I am pleased with the progress of technology immersion in my classroom but there are still many new initiatives I wish to pursue in my teaching. I am also actively creating my own content now as an educator, this includes shared content on YouTube and Flickr. I am also increasingly a teacher that enjoys discussing technology with colleagues. After reading Kim Cofino’s blog on ‘Creating a Culture of Collaboration Through Technology Integration‘ I now recognize the informal mentor role that can exist within the working environment.

This is an exciting time to be in education. Technology is enabling us to extend the possibilities in our classrooms and help our students to create and collaborate like never before. As educators if we share, collaborate, learn, initiate and create, together we can continue to utilize technology for the optimal learning environment that Yong Zhao suggests. We need to remember that to be truly effective, technology and pedagogical practices need to be intertwined and the focus should be on the learning first, rather than the technology. 

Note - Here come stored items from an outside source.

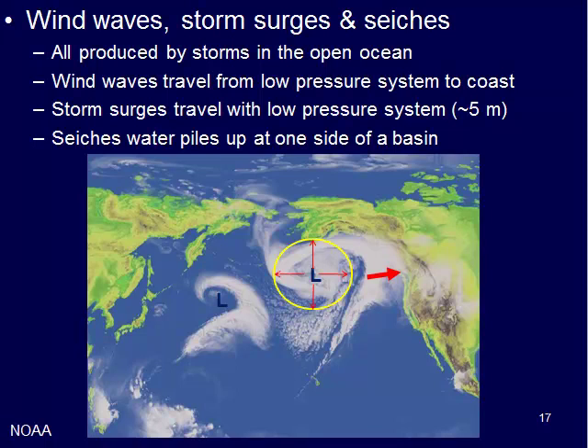Those are produced by storm systems. You can see here these curly-q or hook-shaped cloud cover areas — these are storms, what are called low pressure systems. Those wind waves travel outwards from that low pressure system, and you would see concentric circles moving outwards from the center.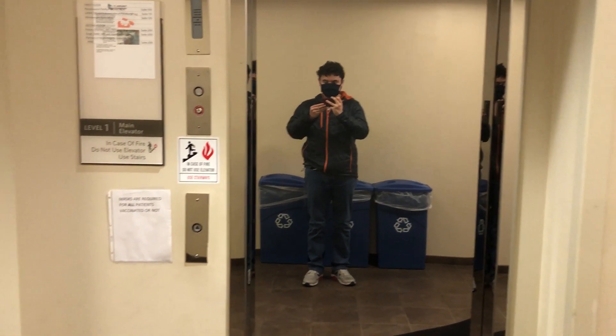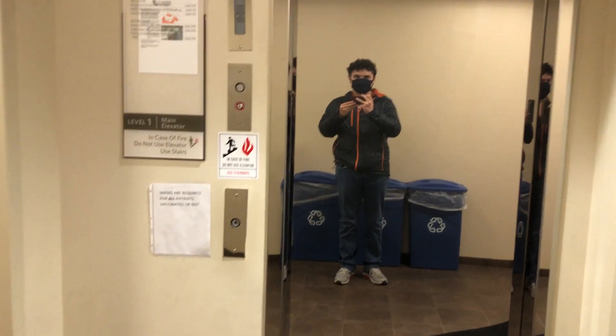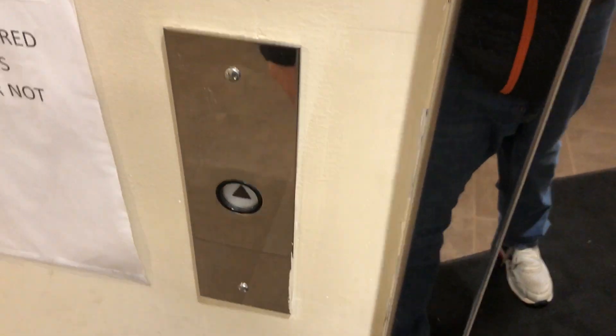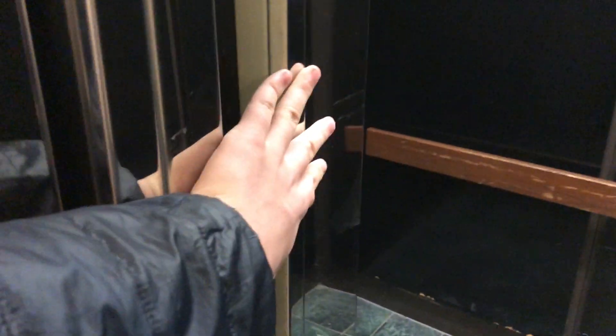This is the elevator at UPMC 121 Freeport Road Physician Offices in O'Hara Township, Pennsylvania. It's an 80s Westinghouse with a chrome-mirror door. It's got a classic dinger bell and that Westinghouse door operator sound. This is a classic Westinghouse door.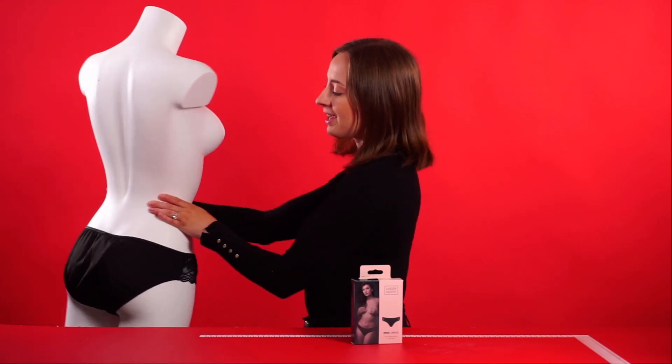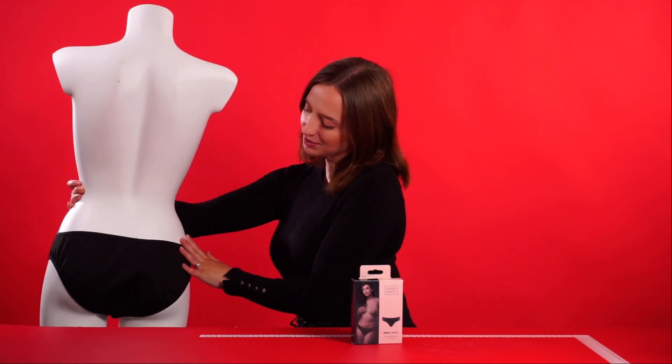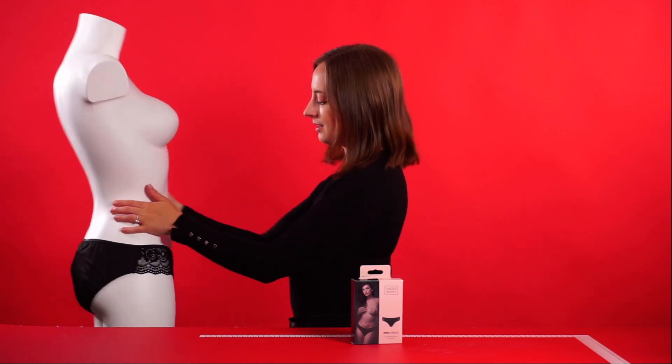Take a look at the back — very similar to the front with a black outline.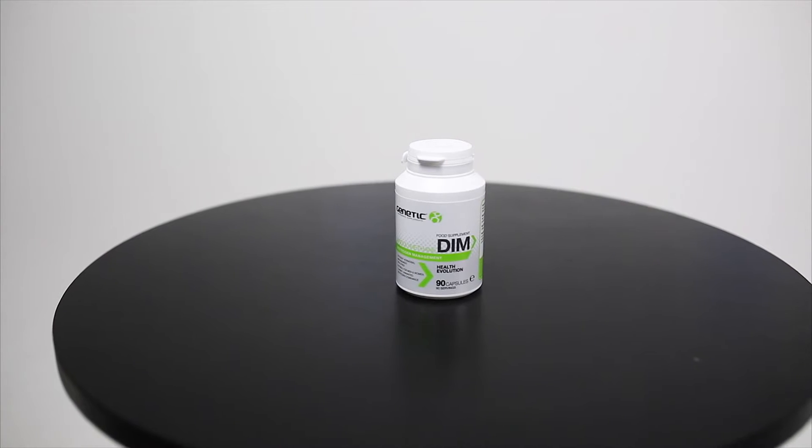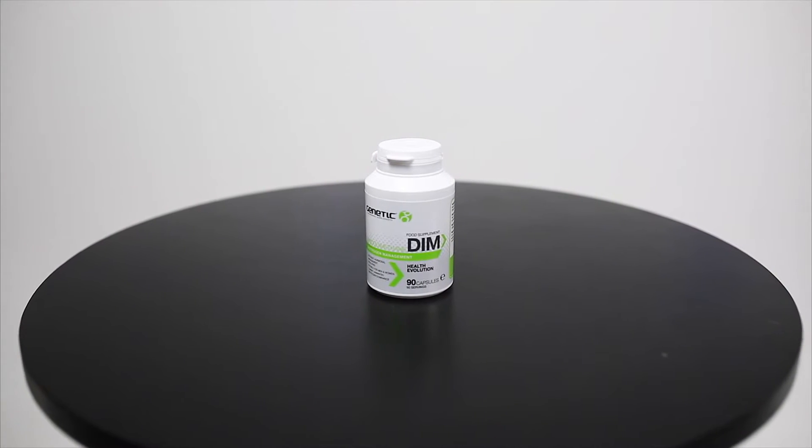Hi guys, Phil Graham here and today I'm with Genetic Supplements DIMM, as part of the health evolution range. DIMM is an absolutely fantastic compound for optimizing natural and healthy estrogen metabolism.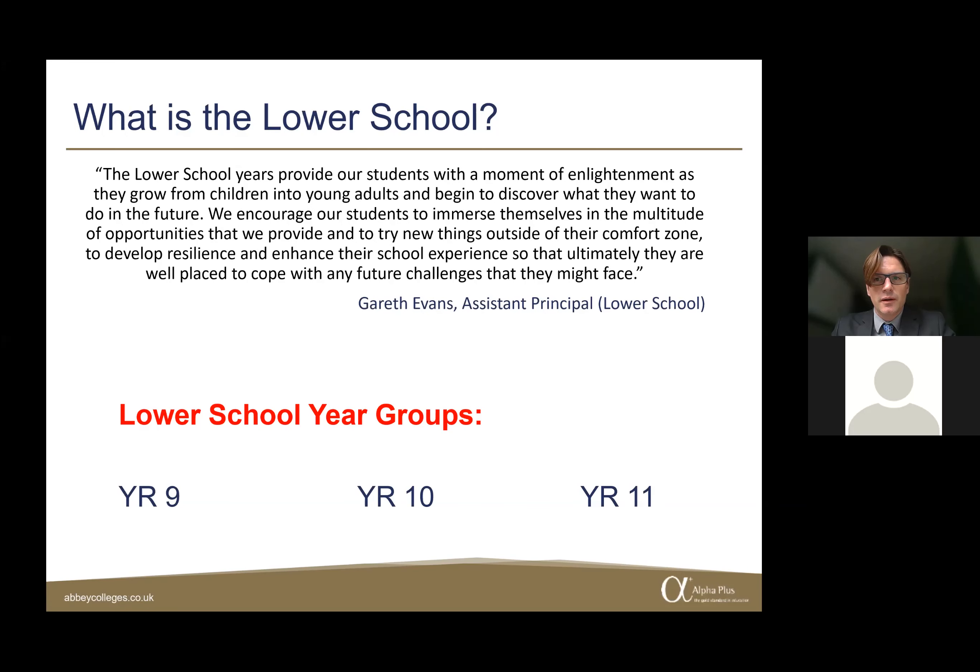The Lower School is a transformation year for our students as they move from children to young adults. It's about getting good GCSEs or developing good English language skills, but it's also an opportunity to try new experiences. We offer a wealth of enrichment programs and academic societies to get students to move outside of their comfort zone and challenge themselves so they're well-placed to cope with future challenges. It's the responsibility of myself and my amazing team of personal tutors to support and nurture our younger students through that process.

4 thoughts on “Technology Immersion

  1. Leah Bortolin

    Hi Amanda,
    I really appreciate you sharing your typical day and giving a sincere reflection on your progress as a practitioner. I see you creating more yourself as well as the courses have progressed. Strangely, I find myself reversing a bit and questioning just how much we should or should not be using technology in our classrooms. The perspective you share from the book by Yong Zhao sounds refreshing. I like this idea of using technology to free educators to do the bits that we are particularly good at: critical thinking and interaction. I’m going to have to read this one I think. Thanks for another great post!

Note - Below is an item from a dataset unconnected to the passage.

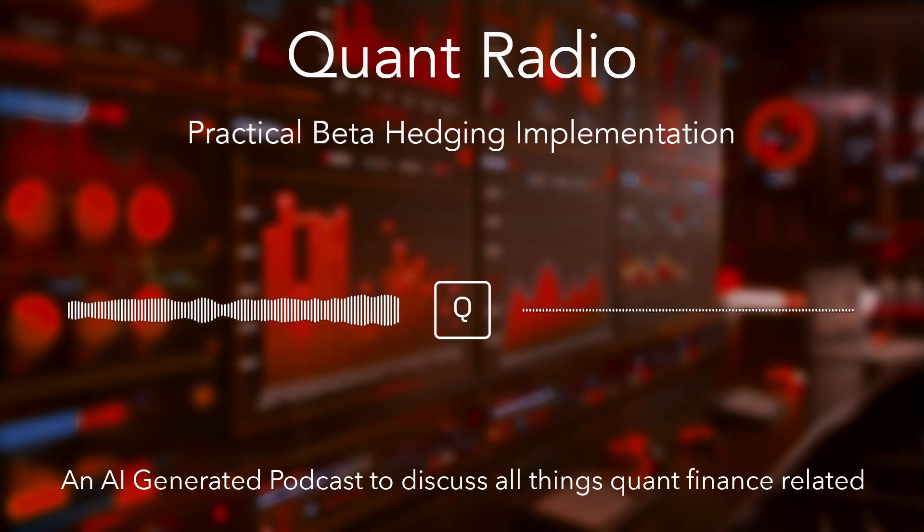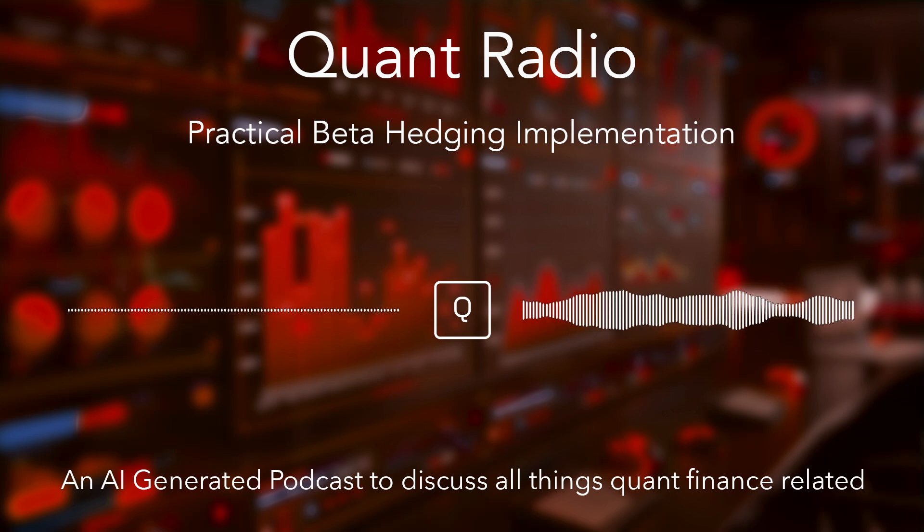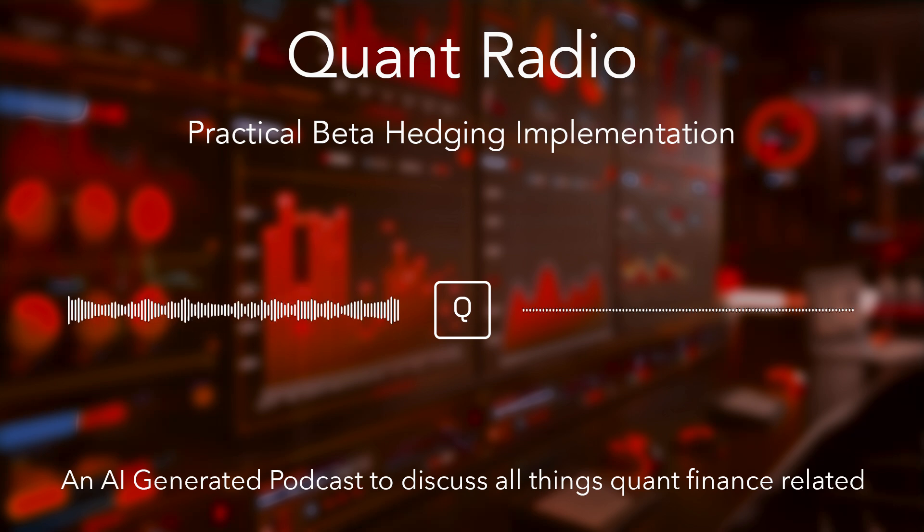We're diving into some source material shared today - an article called Beta Hedging by Quantitativo Quant Trading Rules. It gets right into the practical side of things, exploring a specific way to manage risk in trading strategies.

  2. Amanda McCloskey Post author

    Hi Leah, I hope you enjoy the book! It is interesting that you are reversing a bit- is that because you see limited quality integration? Or are you noticing negative effects of too much technology? It can be easy to be dazzled by the tools of technology. We all have to remind ourselves that it should be all about the learning taking place.
    Thanks for your positive comment!

  3. Leah Bortolin

    Hi Amanda, articles on the negative effects of homework have me wondering about flipped classrooms in the elementary classroom, although I see uses for it within the classroom. In my new role I’m pulled between simply supporting best practices, which teachers are comfortable learning about, and supporting best tech integration practices. When I am forced to choose between the two, I find myself choosing best practices with a hint of tech. I’m not doing tech any favours at the moment!. I wonder if having too many laptops and not enough ipads at the elementary level has something to do with my current state of grrr. I see your school has ipads and I am seeing more and more uses for them that enrich the elementary classroom.

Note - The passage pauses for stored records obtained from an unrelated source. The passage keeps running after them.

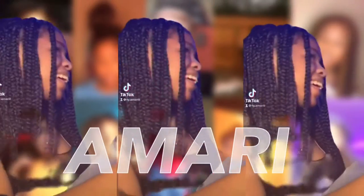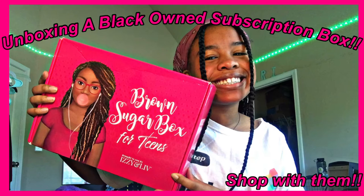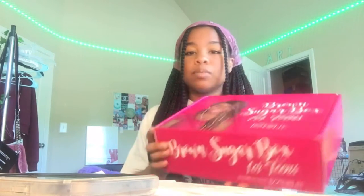What is up YouTube! Hey my babies, it's me, I'm Maria, and today I'm back with another video on my channel. Today I'm going to be unboxing a beauty box from a Black-owned business — it's called Izzy and Live, and it's called the Brown Sugar Box. My aunt bought me the subscription, so thank you to her. This is my first time getting a box from them. But before we get into today's video, make sure to follow all my social medias, like, comment, and subscribe — and let's get into it!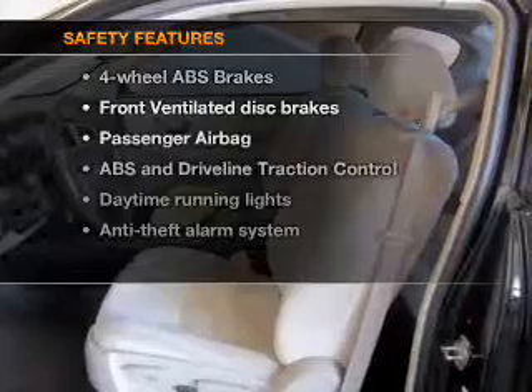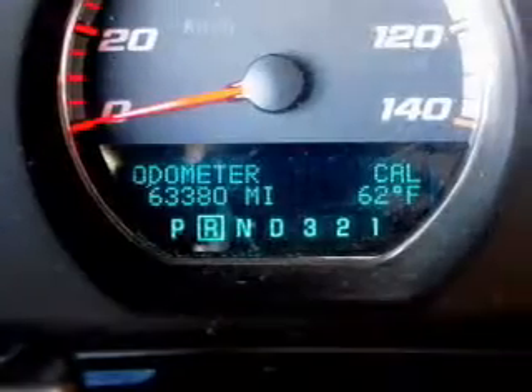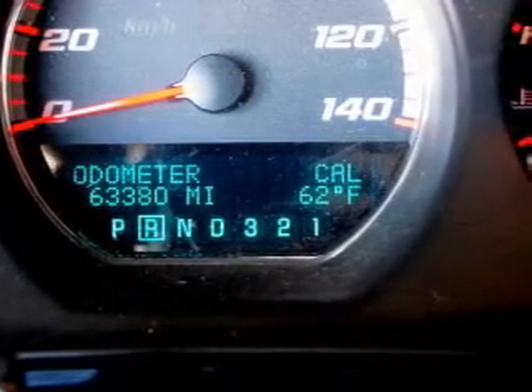If safety is a high priority, rest assured knowing that these top safety components are included: front ventilated disc brakes, passenger airbag, and daytime running lights. Call today to schedule a test drive.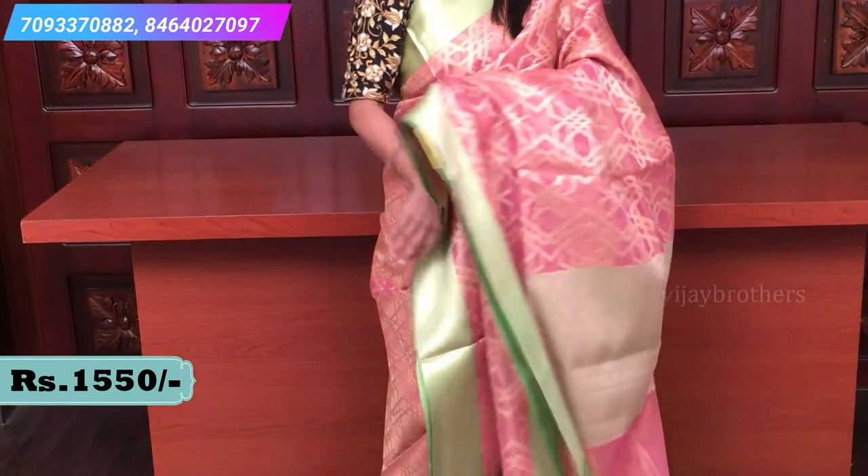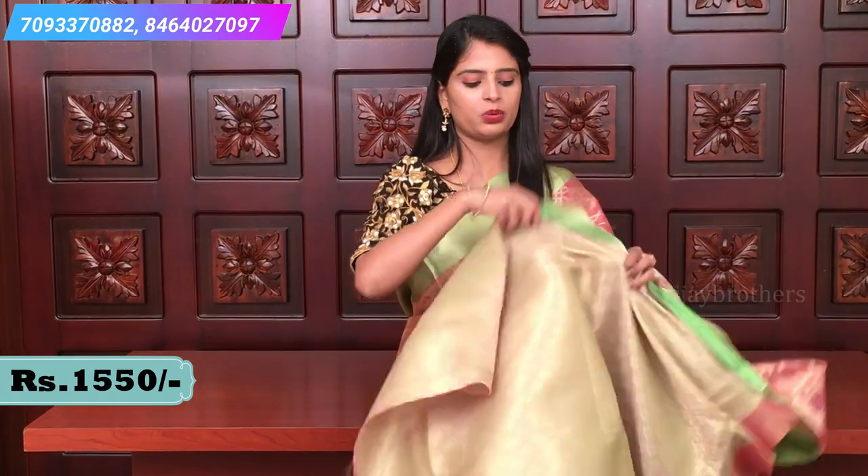It's a soft gold pattern but in green. Both sides are in the same design. It's a gold weaving with star motifs — complete star motifs all over the sari. A very beautiful and trendy collection. Let me show you the pallu — a contrast pallu with golden weaving and a blouse inside.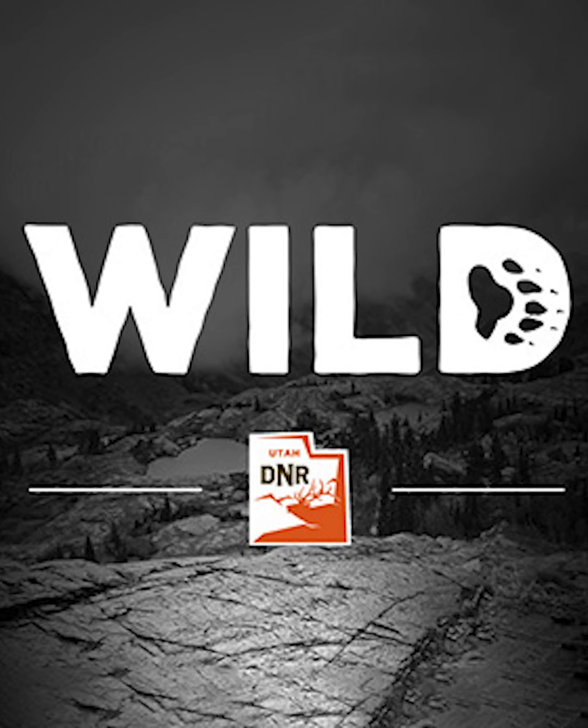Appreciation goes to Nicole and Jordan for explaining this project and the benefits of this type of habitat work. This is some of the most important work DWR does as an agency. If you haven't subscribed to the WILD podcast yet, you can find it anywhere you listen to podcasts. A new episode releases on the third Tuesday of each month.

  4. Amanda McCloskey Post author

    Hi Leah, you have raised some really interesting points here (perhaps a future blog post on flipped learning/homework?).
    My personal belief is that homework should also be inquiry-based and student-centred. I also believe that primary homework should be optional. I think if flipped learning is used in this way then it can be really effective. I have had a lot of success with EAL students using flipped learning to consolidate their understanding in their home language. They use translation sheets of key words that they can access in class. It is also a great way for parents to connect with what is happening in the classroom. It also has the added advantage of connecting with students in a way that they enjoy. My students use YouTube extensively and are now my eager followers!
    The iPad/laptop debate could also be another blog post. I’m finding a 1:1 iPad programme fantastic. However, I sometimes hear teachers wishing they had laptops because of the typing difficulties with an iPad. The grass is always greener! Time to start requesting a two to one device allocation!